The question isn’t theoretical. Overprescription of pharmaceuticals is a serious, long-standing problem in China that’s at least partly driven by “financial incentives” -- such as bribes -- handed out by pharmaceutical companies to doctors and hospitals. The raw numbers are disturbing. According to a 2012 peer-reviewed paper in Health Affairs, Chinese patients visiting urban primary-care institutions were prescribed 2.6 drugs per visit -- a rate that exceeds World Health Organization guidelines by almost one drug per visit. Even more concerning, 4 out of 10 patients were prescribed antibiotics -- a rate that’s double the World Health Organization's recommendations. Such overprescription contributes to growing rates of dangerous antibiotic resistance in China and globally, as documented in an April WHO report.
How did China’s health-care system arrive at such a dangerous pass? The problems started with reforms in the early 1980s that transformed a largely free, government-subsidized health-care system into one in which the government contributed -- on average -- less than 20 percent to public hospital budgets in 2011, according to one peer-reviewed journal. (Two weeks ago, Hong Kong’s South China Morning Post estimated that the government subsidy now accounts for 7 percent of public hospital revenues.) The reforms might have worked out well for the hospitals but for the fact that prices for hospital services remained highly regulated. In Shanghai, for example, an inpatient hospital visit might cost little more than $1.50, leaving the hospitals to take in patients and find revenue elsewhere.

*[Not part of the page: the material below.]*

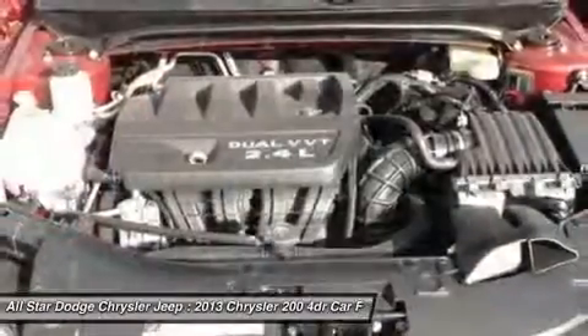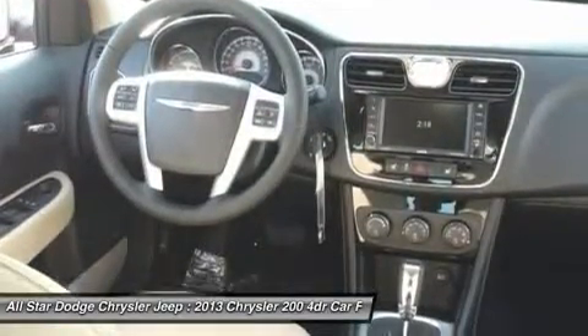If affordable style and reliability are what you're looking for, this vehicle couldn't be more perfect. Drive it today.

Chinese hospitals have few alternatives outside of pharmaceutical sales to supplement their revenues. Sure enough, drug sales accounted for more than 40 percent of Chinese hospital revenue in 2011, according to Chinese government data. In the developed Organization for Economic Cooperation and Development countries, such sales accounted for 19 percent. Meanwhile, though data is sparse, it’s a widely acknowledged fact among Chinese regulators and researchers that a sizable percentage of physician income also derives from pharmaceutical sales. Kickbacks can range as high as 20 percent, and markups -- which are regulated at no more than 15 percent -- typically range higher.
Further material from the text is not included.